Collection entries
==*==

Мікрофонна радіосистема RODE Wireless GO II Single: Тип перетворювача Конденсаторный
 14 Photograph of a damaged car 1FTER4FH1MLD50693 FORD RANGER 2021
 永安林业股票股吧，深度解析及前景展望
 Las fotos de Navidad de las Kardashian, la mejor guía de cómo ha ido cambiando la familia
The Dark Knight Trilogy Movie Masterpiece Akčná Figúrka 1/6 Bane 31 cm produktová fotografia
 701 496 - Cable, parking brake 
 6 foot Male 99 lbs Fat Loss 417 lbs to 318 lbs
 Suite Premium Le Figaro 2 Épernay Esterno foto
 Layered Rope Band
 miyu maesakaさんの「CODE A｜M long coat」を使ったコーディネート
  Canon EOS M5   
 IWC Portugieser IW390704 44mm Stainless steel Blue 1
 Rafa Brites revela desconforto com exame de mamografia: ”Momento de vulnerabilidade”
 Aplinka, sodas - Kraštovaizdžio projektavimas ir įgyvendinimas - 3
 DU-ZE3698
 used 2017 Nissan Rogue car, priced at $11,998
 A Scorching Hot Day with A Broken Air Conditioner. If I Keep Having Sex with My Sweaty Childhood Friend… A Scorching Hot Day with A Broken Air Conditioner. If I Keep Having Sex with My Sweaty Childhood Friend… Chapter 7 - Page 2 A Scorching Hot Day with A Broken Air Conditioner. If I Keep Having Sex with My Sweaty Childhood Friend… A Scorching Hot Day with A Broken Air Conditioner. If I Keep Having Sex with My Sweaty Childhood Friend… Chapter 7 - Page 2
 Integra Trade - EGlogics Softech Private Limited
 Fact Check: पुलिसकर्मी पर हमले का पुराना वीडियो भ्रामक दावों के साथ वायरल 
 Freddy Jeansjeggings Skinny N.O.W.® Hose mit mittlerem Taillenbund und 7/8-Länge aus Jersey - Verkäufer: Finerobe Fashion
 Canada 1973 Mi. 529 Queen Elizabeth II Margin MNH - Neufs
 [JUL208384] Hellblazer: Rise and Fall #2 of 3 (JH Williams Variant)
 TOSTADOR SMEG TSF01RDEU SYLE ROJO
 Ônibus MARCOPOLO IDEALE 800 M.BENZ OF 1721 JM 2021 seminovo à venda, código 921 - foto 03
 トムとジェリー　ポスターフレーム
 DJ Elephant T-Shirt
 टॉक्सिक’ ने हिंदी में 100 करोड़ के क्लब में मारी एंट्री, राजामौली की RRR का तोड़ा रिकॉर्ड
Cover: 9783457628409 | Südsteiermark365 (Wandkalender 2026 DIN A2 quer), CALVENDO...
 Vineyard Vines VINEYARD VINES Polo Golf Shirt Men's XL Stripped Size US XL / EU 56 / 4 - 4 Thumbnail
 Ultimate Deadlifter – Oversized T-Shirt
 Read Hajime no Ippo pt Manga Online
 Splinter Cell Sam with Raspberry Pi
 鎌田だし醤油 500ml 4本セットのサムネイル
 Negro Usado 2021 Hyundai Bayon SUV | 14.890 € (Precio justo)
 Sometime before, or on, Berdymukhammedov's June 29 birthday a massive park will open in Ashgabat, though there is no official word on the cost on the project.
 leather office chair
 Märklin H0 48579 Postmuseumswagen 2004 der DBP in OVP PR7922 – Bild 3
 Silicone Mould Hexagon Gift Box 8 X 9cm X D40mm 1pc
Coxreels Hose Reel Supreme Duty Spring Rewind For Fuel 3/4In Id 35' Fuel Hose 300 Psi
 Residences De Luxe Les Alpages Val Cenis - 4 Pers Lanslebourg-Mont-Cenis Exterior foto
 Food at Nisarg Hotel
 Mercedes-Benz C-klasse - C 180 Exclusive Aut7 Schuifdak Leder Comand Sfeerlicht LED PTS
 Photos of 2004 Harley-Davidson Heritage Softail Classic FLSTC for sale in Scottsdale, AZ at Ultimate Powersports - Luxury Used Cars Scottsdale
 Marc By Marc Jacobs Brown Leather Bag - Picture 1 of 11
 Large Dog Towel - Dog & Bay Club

==*==

## Exercise requirements:
An exact copy of the data is needed, running from its first line through the line that holds "鎌田だし醤油 500ml 4本セットのサムネイル", and nothing beyond that.

## Finished exercise:
Мікрофонна радіосистема RODE Wireless GO II Single: Тип перетворювача Конденсаторный
 14 Photograph of a damaged car 1FTER4FH1MLD50693 FORD RANGER 2021
 永安林业股票股吧，深度解析及前景展望
 Las fotos de Navidad de las Kardashian, la mejor guía de cómo ha ido cambiando la familia
The Dark Knight Trilogy Movie Masterpiece Akčná Figúrka 1/6 Bane 31 cm produktová fotografia
 701 496 - Cable, parking brake 
 6 foot Male 99 lbs Fat Loss 417 lbs to 318 lbs
 Suite Premium Le Figaro 2 Épernay Esterno foto
 Layered Rope Band
 miyu maesakaさんの「CODE A｜M long coat」を使ったコーディネート
  Canon EOS M5   
 IWC Portugieser IW390704 44mm Stainless steel Blue 1
 Rafa Brites revela desconforto com exame de mamografia: ”Momento de vulnerabilidade”
 Aplinka, sodas - Kraštovaizdžio projektavimas ir įgyvendinimas - 3
 DU-ZE3698
 used 2017 Nissan Rogue car, priced at $11,998
 A Scorching Hot Day with A Broken Air Conditioner. If I Keep Having Sex with My Sweaty Childhood Friend… A Scorching Hot Day with A Broken Air Conditioner. If I Keep Having Sex with My Sweaty Childhood Friend… Chapter 7 - Page 2 A Scorching Hot Day with A Broken Air Conditioner. If I Keep Having Sex with My Sweaty Childhood Friend… A Scorching Hot Day with A Broken Air Conditioner. If I Keep Having Sex with My Sweaty Childhood Friend… Chapter 7 - Page 2
 Integra Trade - EGlogics Softech Private Limited
 Fact Check: पुलिसकर्मी पर हमले का पुराना वीडियो भ्रामक दावों के साथ वायरल 
 Freddy Jeansjeggings Skinny N.O.W.® Hose mit mittlerem Taillenbund und 7/8-Länge aus Jersey - Verkäufer: Finerobe Fashion
 Canada 1973 Mi. 529 Queen Elizabeth II Margin MNH - Neufs
 [JUL208384] Hellblazer: Rise and Fall #2 of 3 (JH Williams Variant)
 TOSTADOR SMEG TSF01RDEU SYLE ROJO
 Ônibus MARCOPOLO IDEALE 800 M.BENZ OF 1721 JM 2021 seminovo à venda, código 921 - foto 03
 トムとジェリー　ポスターフレーム
 DJ Elephant T-Shirt
 टॉक्सिक’ ने हिंदी में 100 करोड़ के क्लब में मारी एंट्री, राजामौली की RRR का तोड़ा रिकॉर्ड
Cover: 9783457628409 | Südsteiermark365 (Wandkalender 2026 DIN A2 quer), CALVENDO...
 Vineyard Vines VINEYARD VINES Polo Golf Shirt Men's XL Stripped Size US XL / EU 56 / 4 - 4 Thumbnail
 Ultimate Deadlifter – Oversized T-Shirt
 Read Hajime no Ippo pt Manga Online
 Splinter Cell Sam with Raspberry Pi
 鎌田だし醤油 500ml 4本セットのサムネイル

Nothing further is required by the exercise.